J: Well, I wish we didn't have to sign off, but we do, I. Know. I'm sure everybody has things to do. So, Bonnie, do you want to say anything else before we go?

 

B: Just thank you for being here. Castles and thanks to every single one of you for attending. This was so filling in so many ways I didn't even know I need to. Personally, I'm not even like an arts student, so I just appreciate the conversation today. Very the best way to spend a Friday afternoon. I would throw it out there.

 

C: Thank you, Bonnie, and thank you so much for putting this together. And you know, being being the engine and you too, Jason, and all of you for coming from all over the world to like to share this space. I really appreciate it. And I hope I hope you know, I feel like was me talking a lot. So I hope, you know, I don't know. I hope that's somewhat. But really great to meet you all.

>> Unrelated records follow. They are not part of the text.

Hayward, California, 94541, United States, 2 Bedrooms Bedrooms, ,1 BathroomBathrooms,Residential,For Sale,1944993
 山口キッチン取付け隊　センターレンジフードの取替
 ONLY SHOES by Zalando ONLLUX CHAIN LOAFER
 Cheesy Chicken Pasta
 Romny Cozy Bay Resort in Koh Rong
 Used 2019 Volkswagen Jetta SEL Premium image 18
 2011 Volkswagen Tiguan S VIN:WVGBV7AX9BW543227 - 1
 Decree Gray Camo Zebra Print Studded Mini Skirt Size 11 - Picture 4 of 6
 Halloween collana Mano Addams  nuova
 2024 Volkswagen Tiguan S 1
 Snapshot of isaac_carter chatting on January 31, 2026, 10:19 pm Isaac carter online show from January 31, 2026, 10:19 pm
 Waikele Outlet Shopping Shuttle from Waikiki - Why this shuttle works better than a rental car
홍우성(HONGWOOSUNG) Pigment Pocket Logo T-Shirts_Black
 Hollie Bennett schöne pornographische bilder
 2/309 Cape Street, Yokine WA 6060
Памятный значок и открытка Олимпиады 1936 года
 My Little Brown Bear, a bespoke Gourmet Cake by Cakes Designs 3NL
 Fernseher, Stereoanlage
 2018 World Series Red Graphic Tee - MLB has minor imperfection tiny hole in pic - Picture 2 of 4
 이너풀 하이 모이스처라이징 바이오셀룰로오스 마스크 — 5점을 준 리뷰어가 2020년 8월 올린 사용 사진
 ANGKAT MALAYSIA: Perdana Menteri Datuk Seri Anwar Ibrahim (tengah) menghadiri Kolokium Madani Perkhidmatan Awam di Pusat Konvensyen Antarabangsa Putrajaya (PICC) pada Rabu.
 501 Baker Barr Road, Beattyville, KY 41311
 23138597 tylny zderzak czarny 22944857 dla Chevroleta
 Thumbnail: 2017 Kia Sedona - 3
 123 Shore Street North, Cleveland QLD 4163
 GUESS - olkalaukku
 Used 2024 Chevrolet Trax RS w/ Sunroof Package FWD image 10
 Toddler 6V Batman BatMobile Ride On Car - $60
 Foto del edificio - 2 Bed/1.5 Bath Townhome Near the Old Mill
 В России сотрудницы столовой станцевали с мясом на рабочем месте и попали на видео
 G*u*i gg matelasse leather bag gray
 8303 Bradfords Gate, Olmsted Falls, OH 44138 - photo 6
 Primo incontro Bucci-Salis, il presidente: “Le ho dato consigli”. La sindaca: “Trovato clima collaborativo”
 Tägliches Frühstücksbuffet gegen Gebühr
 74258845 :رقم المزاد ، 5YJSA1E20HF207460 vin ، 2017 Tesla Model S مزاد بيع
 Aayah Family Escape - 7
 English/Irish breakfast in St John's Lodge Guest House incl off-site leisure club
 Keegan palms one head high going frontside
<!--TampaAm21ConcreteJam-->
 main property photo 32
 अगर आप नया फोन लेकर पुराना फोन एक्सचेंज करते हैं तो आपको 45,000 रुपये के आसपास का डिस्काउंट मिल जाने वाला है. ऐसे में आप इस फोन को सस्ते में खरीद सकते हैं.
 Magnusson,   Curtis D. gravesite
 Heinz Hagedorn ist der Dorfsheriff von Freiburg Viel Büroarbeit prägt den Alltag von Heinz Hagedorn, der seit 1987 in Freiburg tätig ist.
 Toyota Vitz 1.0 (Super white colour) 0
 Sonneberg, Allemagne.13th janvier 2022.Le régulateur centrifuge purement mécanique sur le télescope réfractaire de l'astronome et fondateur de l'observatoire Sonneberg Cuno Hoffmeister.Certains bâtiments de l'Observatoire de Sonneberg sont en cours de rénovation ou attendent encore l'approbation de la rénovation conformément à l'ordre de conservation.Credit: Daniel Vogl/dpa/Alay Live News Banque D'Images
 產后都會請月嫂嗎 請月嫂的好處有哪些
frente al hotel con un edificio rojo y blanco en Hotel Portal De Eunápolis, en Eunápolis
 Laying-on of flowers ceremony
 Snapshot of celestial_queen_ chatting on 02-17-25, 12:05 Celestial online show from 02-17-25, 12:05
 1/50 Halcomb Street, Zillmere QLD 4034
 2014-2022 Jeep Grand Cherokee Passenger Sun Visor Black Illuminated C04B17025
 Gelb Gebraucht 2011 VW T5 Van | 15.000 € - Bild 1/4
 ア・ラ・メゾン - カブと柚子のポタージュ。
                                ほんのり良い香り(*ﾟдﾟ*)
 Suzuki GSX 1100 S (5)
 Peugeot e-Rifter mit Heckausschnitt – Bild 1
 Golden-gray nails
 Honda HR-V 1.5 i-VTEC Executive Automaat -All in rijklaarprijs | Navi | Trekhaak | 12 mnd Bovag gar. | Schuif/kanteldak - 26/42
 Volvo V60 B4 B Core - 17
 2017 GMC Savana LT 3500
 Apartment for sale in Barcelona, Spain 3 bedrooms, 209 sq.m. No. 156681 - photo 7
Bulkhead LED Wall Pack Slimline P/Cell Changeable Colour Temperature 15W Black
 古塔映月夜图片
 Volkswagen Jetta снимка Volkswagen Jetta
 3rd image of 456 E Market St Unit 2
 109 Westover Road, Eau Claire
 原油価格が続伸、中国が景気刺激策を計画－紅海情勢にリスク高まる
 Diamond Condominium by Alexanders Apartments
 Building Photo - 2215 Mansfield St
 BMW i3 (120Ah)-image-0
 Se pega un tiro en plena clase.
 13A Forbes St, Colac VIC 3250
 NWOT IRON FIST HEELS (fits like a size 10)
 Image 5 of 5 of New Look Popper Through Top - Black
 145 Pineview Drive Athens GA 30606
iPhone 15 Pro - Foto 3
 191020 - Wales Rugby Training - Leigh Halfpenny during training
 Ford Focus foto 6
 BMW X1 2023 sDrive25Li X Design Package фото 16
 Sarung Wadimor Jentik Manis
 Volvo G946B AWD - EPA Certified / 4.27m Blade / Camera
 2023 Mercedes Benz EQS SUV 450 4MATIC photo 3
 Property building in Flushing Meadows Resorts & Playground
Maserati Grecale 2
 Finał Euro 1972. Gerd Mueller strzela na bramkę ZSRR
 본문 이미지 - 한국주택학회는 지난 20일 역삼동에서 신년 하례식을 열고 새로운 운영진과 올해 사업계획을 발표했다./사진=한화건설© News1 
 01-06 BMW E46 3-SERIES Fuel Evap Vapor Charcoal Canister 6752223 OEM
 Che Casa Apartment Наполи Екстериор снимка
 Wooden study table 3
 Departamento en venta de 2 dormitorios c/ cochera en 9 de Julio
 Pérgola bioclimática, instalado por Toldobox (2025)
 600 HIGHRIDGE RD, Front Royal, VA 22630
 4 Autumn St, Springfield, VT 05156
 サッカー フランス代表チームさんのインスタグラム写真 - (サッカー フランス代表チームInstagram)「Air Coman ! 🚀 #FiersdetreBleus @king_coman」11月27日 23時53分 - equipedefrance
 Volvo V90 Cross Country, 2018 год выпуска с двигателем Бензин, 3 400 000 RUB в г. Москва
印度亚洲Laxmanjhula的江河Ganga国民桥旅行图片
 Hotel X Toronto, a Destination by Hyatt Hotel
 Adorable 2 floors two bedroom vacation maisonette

To learn from you as well, and I look forward to that e-mail and learning about. You know what? You guys are looking at and thinking of and. You know. Feel free to be in touch. If you want to.

 

B: Thank you. And I'll for sure send it out to everybody here. I've been pulling, especially your Instagrams. If you haven't left it, you want us to see your art Instagram, throw it in. You sent to Cassils like come. On shoot your shot.

 

C: Thank you.

 

J: Thanks everybody. Cassils I'll follow up with the e-mail just next week to make sure we've got everything. Finalised in order paperwork kind of things. Well, it's all electronic. But you know what I'm talking about. Yes, OK.

 

C: I do sounds good.

 

J: Thank you so much have a great weekend.

 

B: Take care

 

C: Bye.

 

J: Thanks, bye.

 

A: Sorry just jotting down these Instagrams.

 

B: I got it. I'm going to send them out if. And copy paste it for you and I got yours too, so don't worry.

 

A: Oh great. Thank you very much and thank you so much for facilitating this.

 

B: Thanks for being here all the way from our sister across and I don't know where. I'm going with this but.

 

A: All right. Lovely to meet you. Thank you very much. Bye.